Danimarka Kralı'na aracı olarak gönderilen Olaf, Kopenhag'da para toplamak için var gücüyle çalışmış ve sonuçta esirlerin büyük bir bölümünün ülkelerine dönmesini sağlamış. Ancak Cezayir'de kalıp Müslümanlar arasına karışanlar da olmuştur. Hatta bunlardan ikisinin kendi istekleriyle kaldığını biliyoruz. Jon Asbjarnarsson adlı İzlandalı gemici, Cezayir dayısının sarayında önemli bir mevkiye yükselmiştir. Diğer İzlandalı Jonsson Vestmann'ın durumu daha da ilginç.

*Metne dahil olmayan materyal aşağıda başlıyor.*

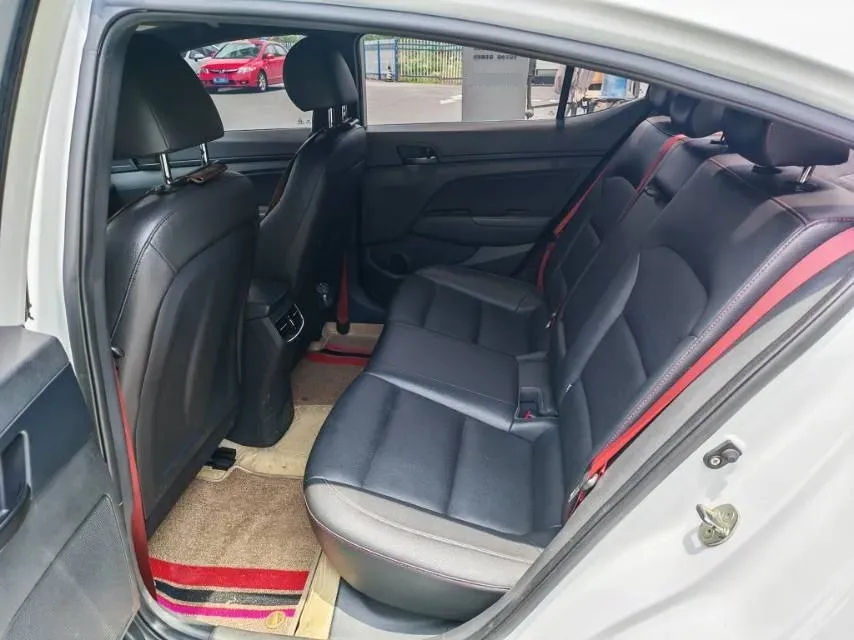 2020 Hyundai Elantra 1.4T 130HP L4 7DCT,autocango,china used car exporter,china ev exporter,chinese used car exporter,chinese used ev exporter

O, Cezayir akıncıları arasına katılarak Akdeniz'i Atlas Okyanusu'na bağlayan sahada izinsiz kuş uçurtmayan bir Osmanlı olmayı seçmiştir.

(http://www.barbaros.biz/index_dosyalar/izlanda1.jpg)  (http://www.barbaros.biz/index_dosyalar/izlanda2.jpg)

(http://www.barbaros.biz/index_dosyalar/izlanda3.jpg)

1627 yılında orjinal taşbaskı ile basılmış İzlanda dilinde yazılmış olan bu kitaplar Danimarka Kraliyet Kitaplığı'ndan alınmıştır. Tamamen Türk Denizcilerinden ve kuzeyde kurdukları korsan kolonilerinden söz eden kitaplar Türkçeye çevrilmektedir.